In a reference implementation you have a consistent, known state of your physical infrastructure that has been implemented based upon a RA. That implementation follows a known best practice using standard gear in a consistent, known configuration. You can therefore explain your configuration to a community of other developers, or other people who have similar configuration, and can validate that your problem is not the physical configuration. Fundamentally, everything in a reference implementation is driving towards the elimination of possible failure cause. In this case, we are making sure that the physical infrastructure is not causing problems (getting to a ready state), because other people are using a similar (or identical) physical infrastructure configuration.

The next components of a reference implementation are the underlying software configurations for operating system management monitoring network configuration, IP networking stacks. Pretty much the entire component of the application is riding on. There are a lot of moving parts and complexity in this scenario, witha high likelihood of causing failures. Implementing and deploying the software stacks in an automated way, has enabled us to dramatically reduce the potential for problems caused by misconfiguration. Because the number of permutations of software in the reference stack is so high, it is essential that successful deployment tightly manages what exactly is deployed, in such a way that they can identify, name, and compare notes with other deployments.

Achieving Repeatable Deployments

In this case, our referenced deployment consists of the exact composition of the operating system, infrastructure tooling, and capabilities for the deployment. By having a reference capability, we can ensure that we have the same:

  • Operating system
  • Monitoring
  • Configuration stacks
  • Security tooling
  • Patches
  • Network stack (including bridges and VLAN, IP table configurations)

Each one of these components is a potential failure point in a deployment. By being able to configure and maintain that configuration automatically, we dramatically increase the opportunities for success by enabling customers to have a consistent configuration between sites.

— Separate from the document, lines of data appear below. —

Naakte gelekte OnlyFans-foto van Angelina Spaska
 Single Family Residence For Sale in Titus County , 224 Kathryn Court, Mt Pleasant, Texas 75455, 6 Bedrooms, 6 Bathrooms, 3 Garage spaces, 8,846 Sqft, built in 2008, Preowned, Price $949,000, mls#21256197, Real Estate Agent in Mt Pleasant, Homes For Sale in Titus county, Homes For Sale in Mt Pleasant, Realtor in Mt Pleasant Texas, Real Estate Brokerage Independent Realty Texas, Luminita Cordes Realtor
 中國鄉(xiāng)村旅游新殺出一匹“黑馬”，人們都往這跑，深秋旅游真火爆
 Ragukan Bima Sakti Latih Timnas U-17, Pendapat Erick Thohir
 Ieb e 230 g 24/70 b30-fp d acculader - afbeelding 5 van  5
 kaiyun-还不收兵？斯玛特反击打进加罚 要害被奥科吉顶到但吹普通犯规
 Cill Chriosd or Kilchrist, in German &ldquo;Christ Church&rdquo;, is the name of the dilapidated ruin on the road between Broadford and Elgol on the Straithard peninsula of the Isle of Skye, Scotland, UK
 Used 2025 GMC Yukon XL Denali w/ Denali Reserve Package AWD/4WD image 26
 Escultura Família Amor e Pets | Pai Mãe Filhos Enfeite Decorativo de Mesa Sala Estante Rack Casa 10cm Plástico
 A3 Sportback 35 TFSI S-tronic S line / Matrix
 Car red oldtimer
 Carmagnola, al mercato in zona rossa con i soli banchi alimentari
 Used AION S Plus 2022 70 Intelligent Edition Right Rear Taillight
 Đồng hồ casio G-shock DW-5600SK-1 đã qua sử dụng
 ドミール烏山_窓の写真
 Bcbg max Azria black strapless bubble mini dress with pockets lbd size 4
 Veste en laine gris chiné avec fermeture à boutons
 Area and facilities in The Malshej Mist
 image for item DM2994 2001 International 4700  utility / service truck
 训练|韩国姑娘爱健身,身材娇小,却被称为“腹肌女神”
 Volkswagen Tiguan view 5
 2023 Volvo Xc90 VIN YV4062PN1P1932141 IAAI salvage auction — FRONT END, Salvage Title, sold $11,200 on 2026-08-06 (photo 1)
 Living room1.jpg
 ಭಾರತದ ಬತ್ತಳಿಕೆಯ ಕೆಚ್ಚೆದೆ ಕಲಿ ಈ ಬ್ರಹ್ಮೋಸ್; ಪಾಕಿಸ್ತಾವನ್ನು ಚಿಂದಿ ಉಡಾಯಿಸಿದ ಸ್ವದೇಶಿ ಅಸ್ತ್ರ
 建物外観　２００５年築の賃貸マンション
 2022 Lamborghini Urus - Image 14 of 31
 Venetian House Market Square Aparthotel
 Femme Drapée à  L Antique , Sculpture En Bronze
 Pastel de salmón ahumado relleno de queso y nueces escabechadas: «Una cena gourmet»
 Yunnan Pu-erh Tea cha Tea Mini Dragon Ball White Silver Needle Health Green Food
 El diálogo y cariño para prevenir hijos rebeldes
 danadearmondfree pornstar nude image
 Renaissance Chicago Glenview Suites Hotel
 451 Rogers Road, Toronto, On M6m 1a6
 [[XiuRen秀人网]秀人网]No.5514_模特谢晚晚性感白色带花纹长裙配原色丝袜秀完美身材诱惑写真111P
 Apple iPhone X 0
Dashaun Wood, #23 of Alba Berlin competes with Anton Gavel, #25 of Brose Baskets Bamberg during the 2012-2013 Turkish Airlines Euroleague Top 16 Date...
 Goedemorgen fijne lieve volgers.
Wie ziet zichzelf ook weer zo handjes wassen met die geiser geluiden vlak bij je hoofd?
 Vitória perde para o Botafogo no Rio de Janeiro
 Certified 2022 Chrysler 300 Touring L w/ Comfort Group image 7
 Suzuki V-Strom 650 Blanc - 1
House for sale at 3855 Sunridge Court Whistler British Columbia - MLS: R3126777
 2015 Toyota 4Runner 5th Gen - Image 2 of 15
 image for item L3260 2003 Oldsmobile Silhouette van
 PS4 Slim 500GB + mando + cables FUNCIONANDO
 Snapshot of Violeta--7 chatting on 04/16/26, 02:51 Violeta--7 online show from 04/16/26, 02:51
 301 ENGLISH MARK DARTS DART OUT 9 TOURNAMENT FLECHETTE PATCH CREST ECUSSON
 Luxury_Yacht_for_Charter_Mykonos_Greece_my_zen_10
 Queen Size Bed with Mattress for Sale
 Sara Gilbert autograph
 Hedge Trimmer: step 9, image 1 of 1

Repeatable reference deployments enable customers to compare notes with Dell and with others in the community. It enables us to take and apply what we have learned from one site to another. For example, if a new patch breaks functionality, then we can quickly determine how that was caused. We can then fix the solution, add in the complimentary fix, and deploy it at that one site. If we are aware that 90% of our other sites have exactly the same configuration, it enables those other sites to avoid a similar problem. In this way, having both a pattern and practice referenced deployment enables the community to absorb or respond much more quickly, and be successful with a changing code base. We found that it is impractical to expect things not to change.

The only thing that we can do is build resiliency for change into these deployments. Creating an automated and tested referenceable deployment is the best way to cope with change.